If you do not have a blog or website, consider starting one now. Considering creating social media pages dedicated to your work as an author. Bring readers along with you on your writers journey.


Finally, the fulfillment of your writing dream - publication. Actually, this is just another beginning. You'll now be doing marketing and discovering that you want to publish yet more stories or books. But who wants fulfilled dreams, right? Isn't the chasing of the dream the whole point?

But, I get ahead of myself. There are two basic ways to publish a novel, self-publishing and traditional publishing. Did I say two? Well, there's hybrid now, too. Where a traditional publisher handles the print books and you retain control over digital publishing. 

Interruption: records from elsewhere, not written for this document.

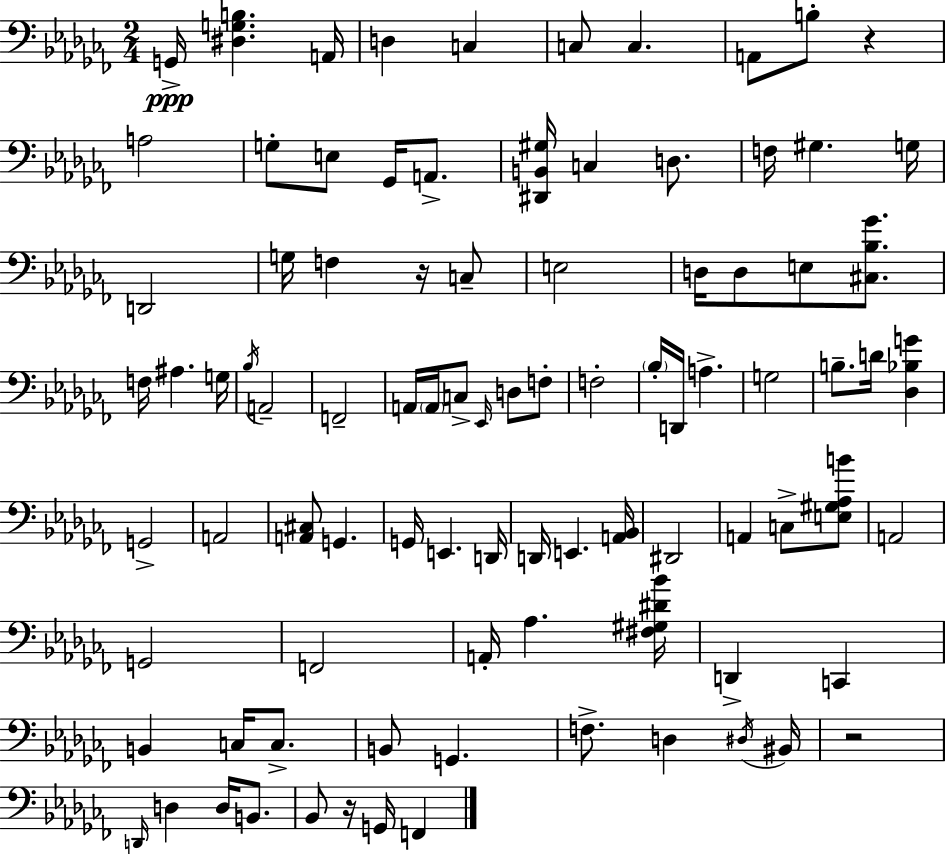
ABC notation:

X:1
T:Untitled
M:2/4
L:1/4
K:Abm
G,,/4 [^D,G,B,] A,,/4 D, C, C,/2 C, A,,/2 B,/2 z A,2 G,/2 E,/2 _G,,/4 A,,/2 [^D,,B,,^G,]/4 C, D,/2 F,/4 ^G, G,/4 D,,2 G,/4 F, z/4 C,/2 E,2 D,/4 D,/2 E,/2 [^C,_B,_G]/2 F,/4 ^A, G,/4 _B,/4 A,,2 F,,2 A,,/4 A,,/4 C,/2 _E,,/4 D,/2 F,/2 F,2 _B,/4 D,,/4 A, G,2 B,/2 D/4 [_D,_B,G] G,,2 A,,2 [A,,^C,]/2 G,, G,,/4 E,, D,,/4 D,,/4 E,, [A,,_B,,]/4 ^D,,2 A,, C,/2 [E,^G,_A,B]/2 A,,2 G,,2 F,,2 A,,/4 _A, [^F,^G,^D_B]/4 D,, C,, B,, C,/4 C,/2 B,,/2 G,, F,/2 D, ^D,/4 ^B,,/4 z2 D,,/4 D, D,/4 B,,/2 _B,,/2 z/4 G,,/4 F,,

With self-publishing, you direct everything, from the writing of the book to the editing, title and cover creation, and the actual publication in print and digital form, usually through an online resource such as amazon. Since you manage it all, the royalty payments are much higher than with traditional publishing. However, your ability to market and distribute your book may not compare to that of a traditional publisher. 

To gain access to the big traditional publishers, you will need an agent. Smaller, regional or niche publishers can be approached directly. Your costs will be lower if you go with traditional publishers, but you will also have less control over your final product and will receive much lower percentages for your royalty payments. However, this can all be offset by the marketing expertise of the publishers and the increased sales. It's up to you to decide.

What have been some of your biggest hurdles for writing and some of your most rewarding experiences?